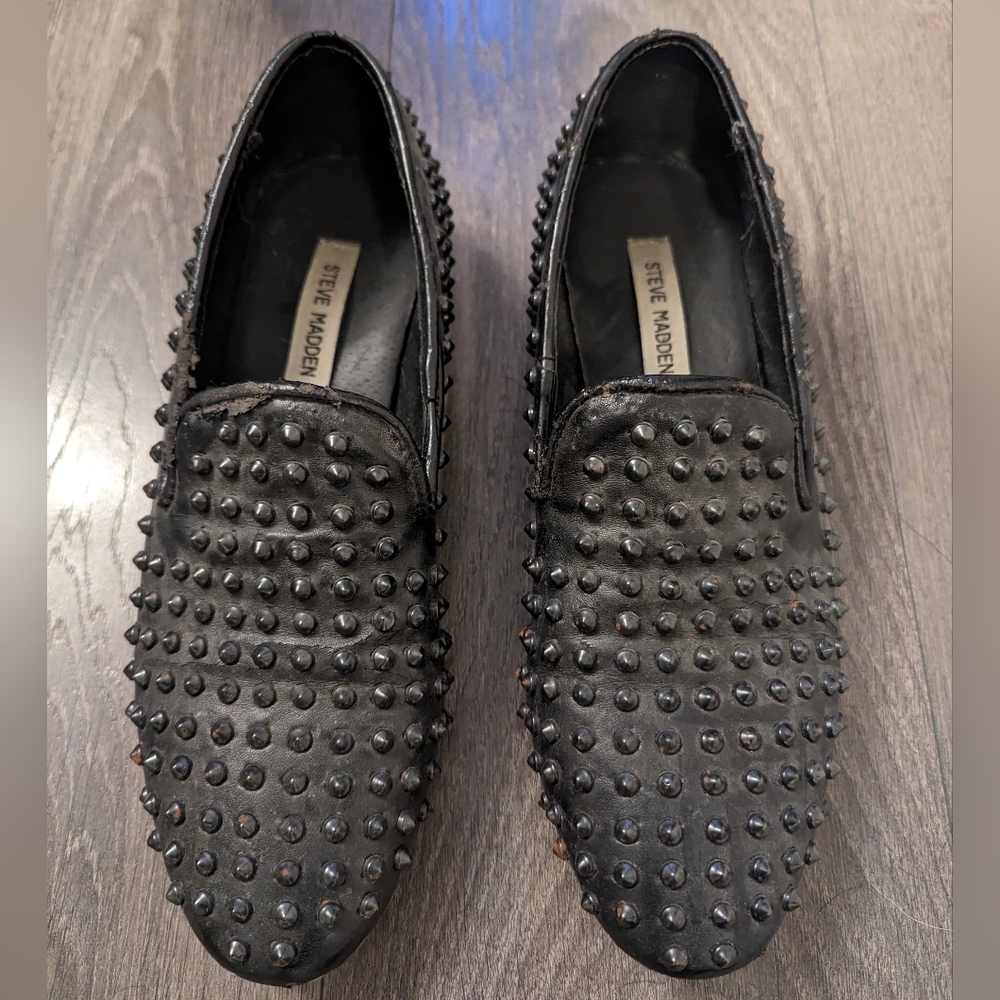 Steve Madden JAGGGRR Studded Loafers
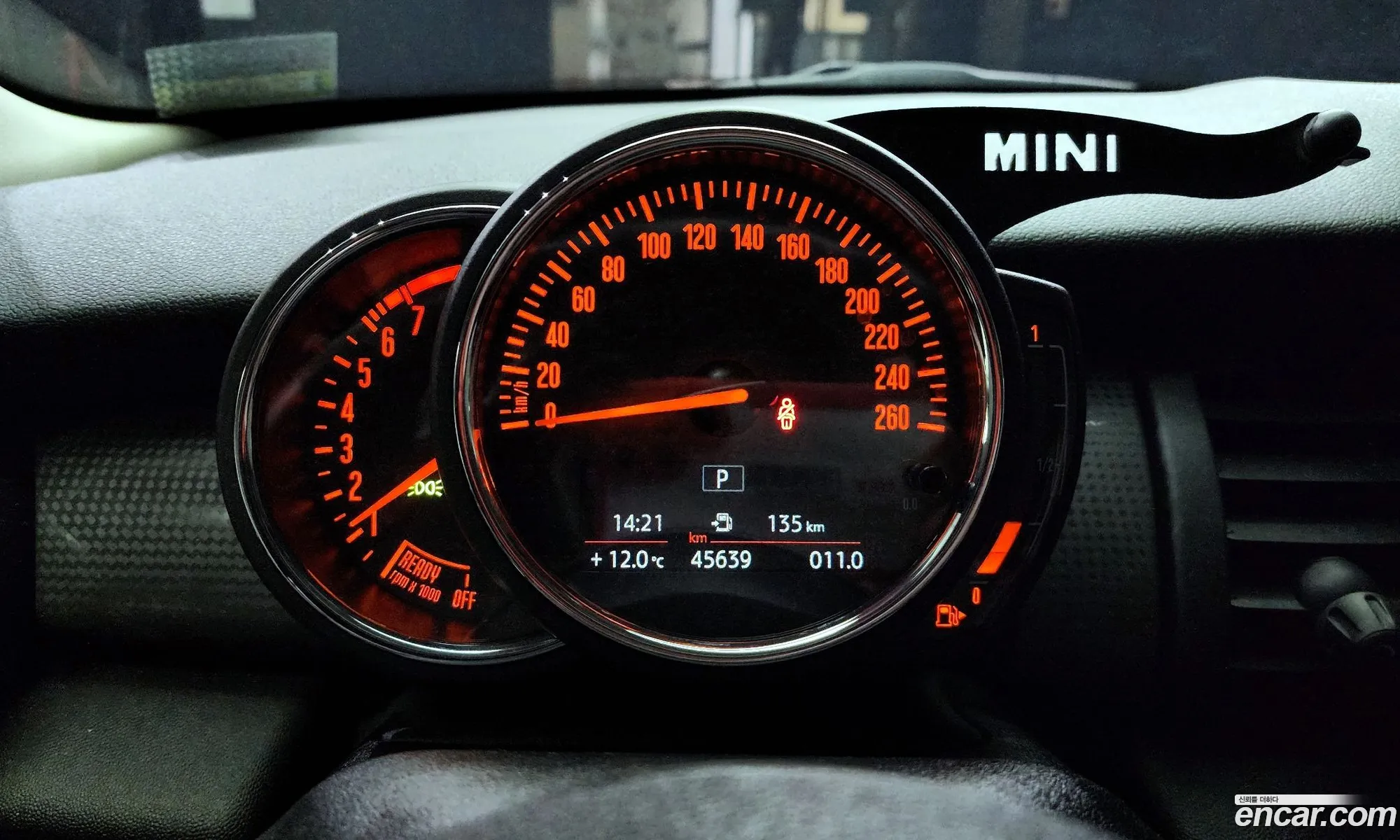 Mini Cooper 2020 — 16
● ● ● ● ●
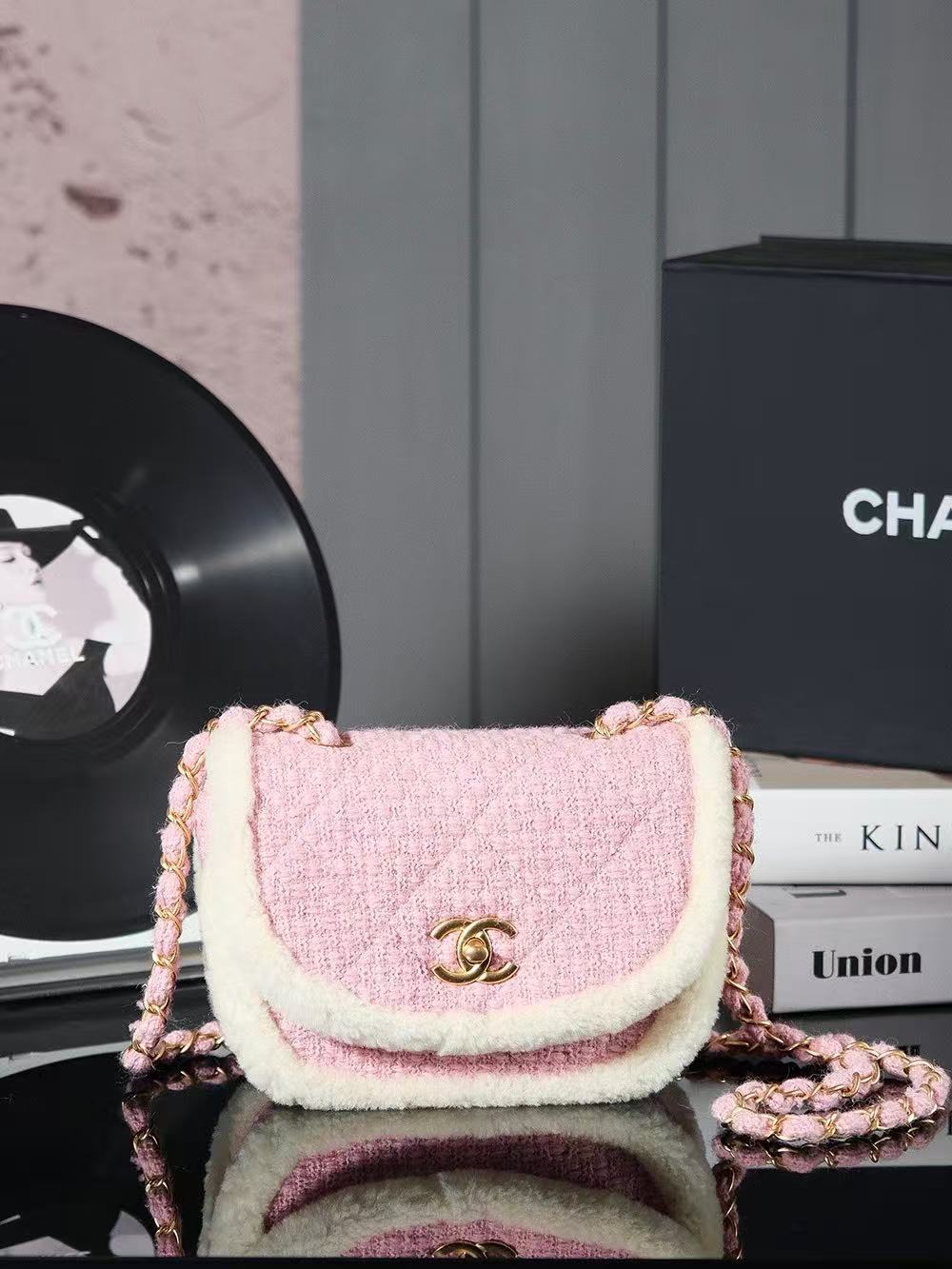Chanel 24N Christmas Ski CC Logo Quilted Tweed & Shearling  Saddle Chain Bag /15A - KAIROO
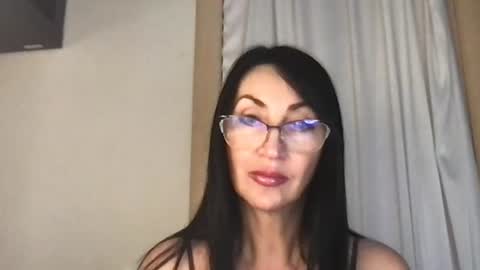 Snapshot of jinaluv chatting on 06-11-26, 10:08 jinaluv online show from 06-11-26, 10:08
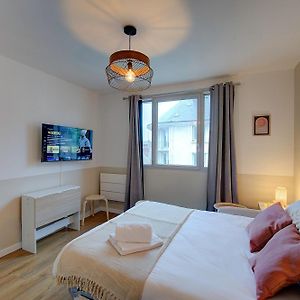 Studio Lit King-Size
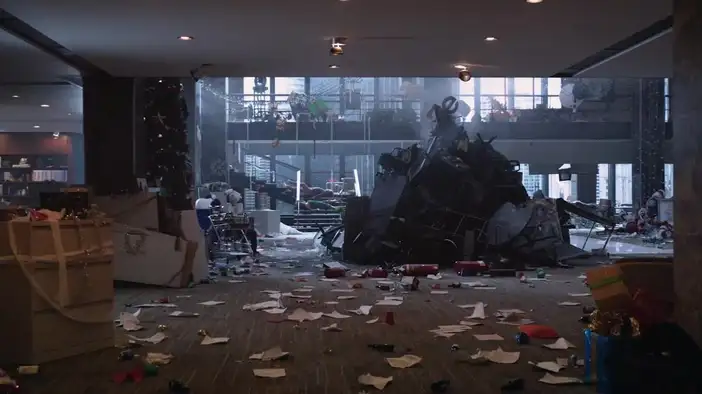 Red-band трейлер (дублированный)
● ● ● ● ●
# What to work on
Copy out exactly the material that runs from the line with "Studio Lit King-Size" to the line with "Red-band трейлер (дублированный)", ends included, and leave the pictures behind.

# Result of the task
 Studio Lit King-Size
 Red-band трейлер (дублированный)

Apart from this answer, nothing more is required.